*RECORDS FOR THIS TASK*.
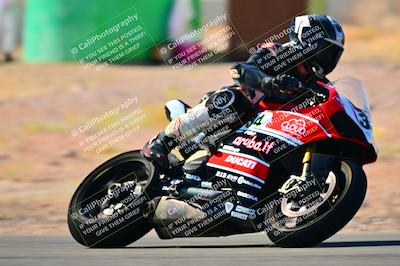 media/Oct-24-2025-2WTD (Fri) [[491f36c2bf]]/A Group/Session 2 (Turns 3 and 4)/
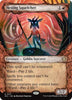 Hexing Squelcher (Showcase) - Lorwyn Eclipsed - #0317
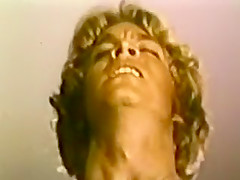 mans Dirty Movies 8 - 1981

* * *

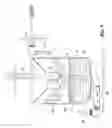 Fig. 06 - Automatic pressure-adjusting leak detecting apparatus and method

*EXERCISE BRIEF*.
In the records above, copy exactly everything from the line that has "media/Oct-24-2025-2WTD (Fri) [[491f36c2bf]]/A" down to the line that has "mans Dirty Movies 8 - 1981", both ends included, and leave out the pictures.

*PROBLEM SOLUTION*.
 media/Oct-24-2025-2WTD (Fri) [[491f36c2bf]]/A Group/Session 2 (Turns 3 and 4)/
 Hexing Squelcher (Showcase) - Lorwyn Eclipsed - #0317
 mans Dirty Movies 8 - 1981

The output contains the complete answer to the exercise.